Thuistezien 152 — 19.01.2021

Michelle Bastian
Liberating Clocks

Back in the days it was a common use to stop the clock hands when someone had died. After all, the clock wouldn’t be of much use in the afterlife, in case of an afterlife. Aside from such an incidental event, the clocks hands keep going relentlessly, even when we are not watching. In one exceptional case, however, there is a clock of which its clock hands don’t move if no one is watching the hour. This specific clock, fabricated by artist Chris Speed (yes, that really is his last name) stops moving when no one is in its ‘field of vision’. The clock hands indicate the last time when someone has looked at the clock. And, the moment you look at it, the clock hands speed forward to the present time. For a brief moment you are confronted with an event from the past, as the presence of another can be discerned: the clock hands give away at what time the other person got disconnected.

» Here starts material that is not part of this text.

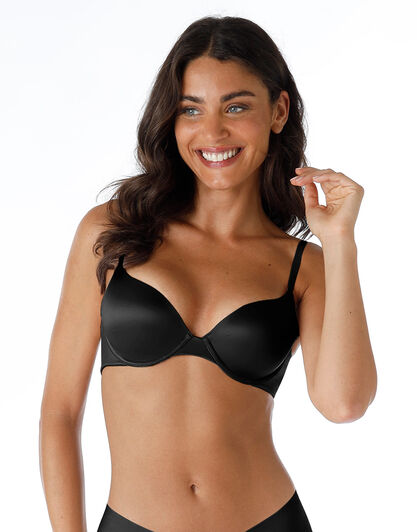 Reggiseno con ferretto imbottito Smooth Comfort in microfibra lucida, nero, , LOVABLE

Chris Speed is one of the artists that Michelle Bastian highlights in the discussion of her paper entitled 'Liberating Clocks' at West in 2015. Bastian was a speaker at the one-day symposium ‘100 Years from now’, which included the examination of our relationship with time. Bastian works in the field of critical time studies and ecological humanities and is mainly concerned with the relationship between time and the sense of belonging. These two concepts meet in the work of Chris Speed, the "universal" time or "clock time" adapts on the moment someone is looking at it. This action makes us aware of the previous person who has also looked at it. As a result, the moment of looking at the clock is not merely a separate action. The clock connects the last person who viewed it to the next, linking them together.

The clock as we know it, often functions as a reference to regularity, punctuality and linear relationships, says Michelle Bastian. In this talk she explains how we mainly see the clock as a neutral given, despite the fact that clock time is linked to political, economic and nationalist interests. In 1916, the clock was set to daylight saving time for the very first time, main reason being to save fuel in the factories where weapons and bombs were produced for the First World War.

Knowing that daylight saving time has come about along these lines, you could say that clock-time is not completely neutral. And for that reason, that it can be designed in a different way. During the discussion of her paper, Bastian mentions a wide variety of elaborations and ideas by artists and designers who do not see clock time as a prior condition, but oppose and challenge it with surprising alternatives.